Bransfield’s own personal altar server filed suit against him for sexual molestation. The lawsuit calls Bransfield “a sexual predator with lustful disposition toward adolescent males,” and alleges:
Bransfield was known to defendants to drink until he was intoxicated at which point he would engage in grossly inappropriate behavior, including but not limited to making sexually suggestive gestures, hugging, kissing, inappropriately touching and fondling seminarians.
That sort of witness testimony makes Bransfield’s intent seem pretty darn clear — and worlds away from innocent. But still he implies that all the sexual harassment exists only in those young men’s feelings, not as a result of his clear and direct actions.
The disgraced ex-bishop closed off his letter with a curt dismissal that, in light of all that preceded it:
I hope that this letter will help to achieve a kind of reconciliation with the Faithful of the Diocese.

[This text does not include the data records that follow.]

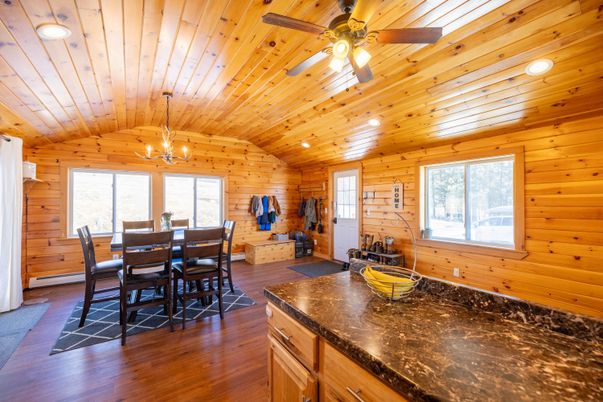 Dining room, Interior, Recessed Lighting, Wooden Ceilings, Wood Texture Flooring, Wooden Walls
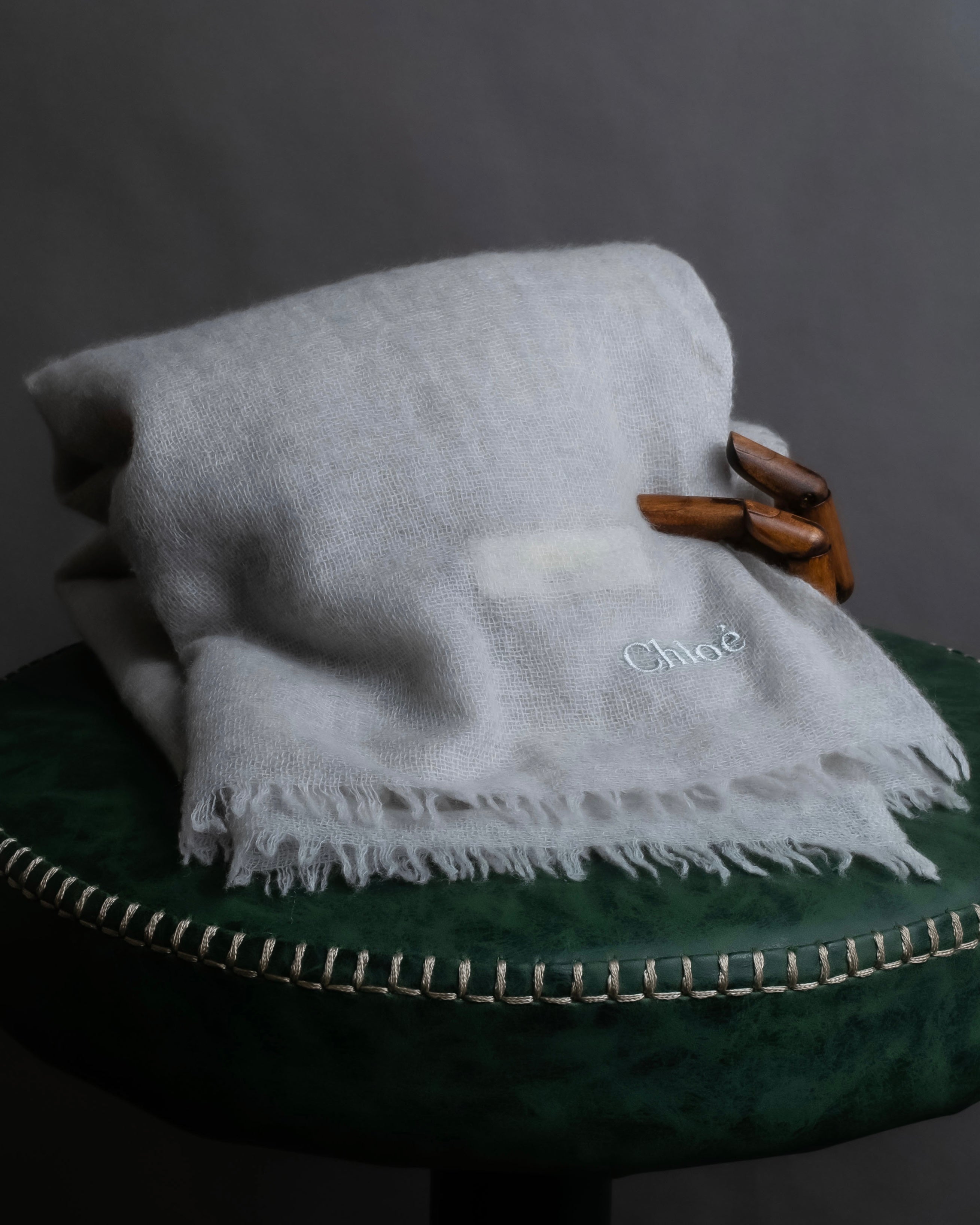 "Chloe" Fringe design light gray sheer material stole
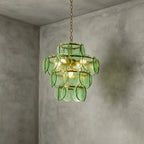 Illuminated Modern Green Disc Art Glass Chandelier Studio Display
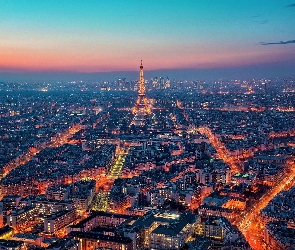 Paryż, Z lotu ptaka, Miasto, Noc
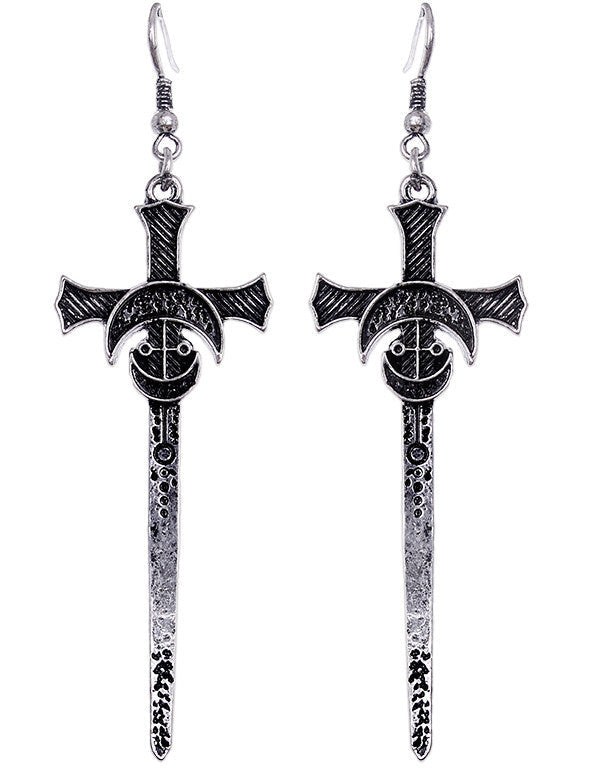 Accessories Silver Restyle Moon Swords Earrings Distressed Gothic Witchy Occult Earrings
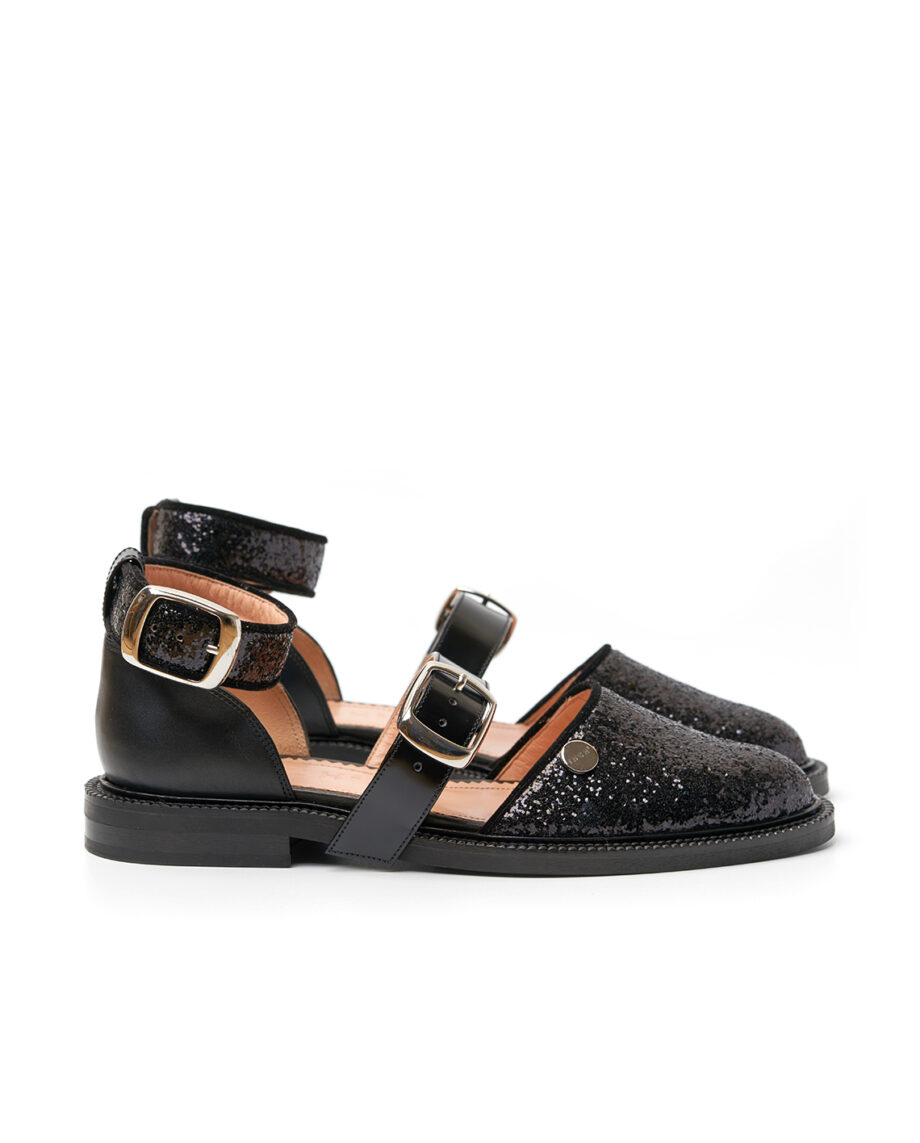 Black Shiny Closed Toe Sandals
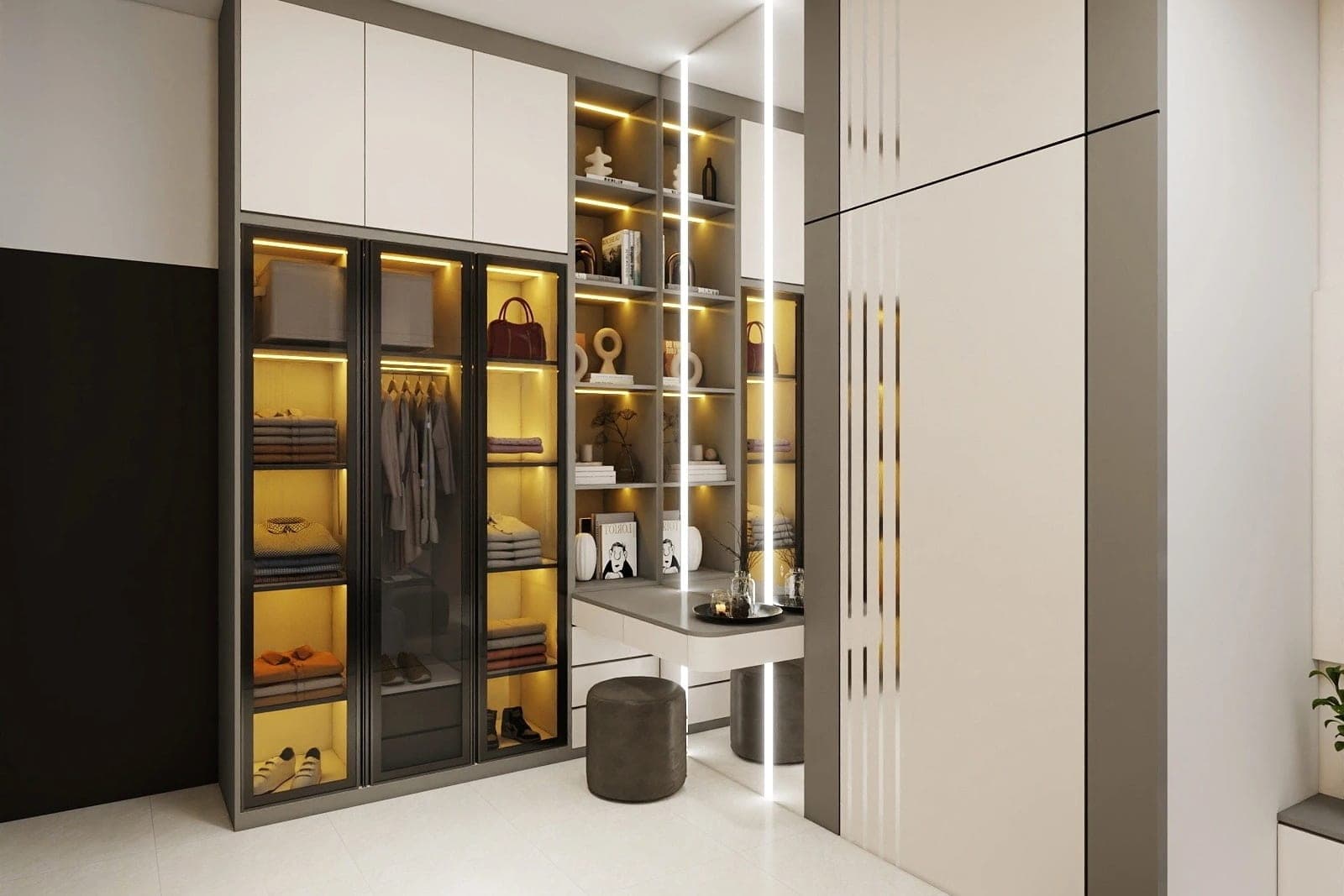 A lit wardrobe and dressing table, an apartment interior rendered in 3D by Aeterna Works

Translation: I hope this will get all of you off my back about this.
The real people who’ve been victimized by priests in the past see right through Bransfield’s kind of non-apology. A statement from the Survivors Network of those Abused by Priests (SNAP) cuts right to the heart of the matter:
A three-paragraph letter cannot absolve the man of the crimes committed, especially when that letter is written more as a defense than a true apology. A true apology from Bransfield would not contain any equivocation or whines about his intent being mis-perceived, but a simple and straightforward acceptance of his wrongdoing. That is not what parishioners in West Virginia received from Bransfield.
It’s worth noting that the non-apology and partial restitution (being reported in headline news as an apology and repayment without qualification) comes less than a week after a flurry of articles appeared in Catholic news media pointing out that Bransfield had gone incommunicado. The whole situation reeks of ineffective damage control.
The Church is lucky to be getting even partial credit on this mess.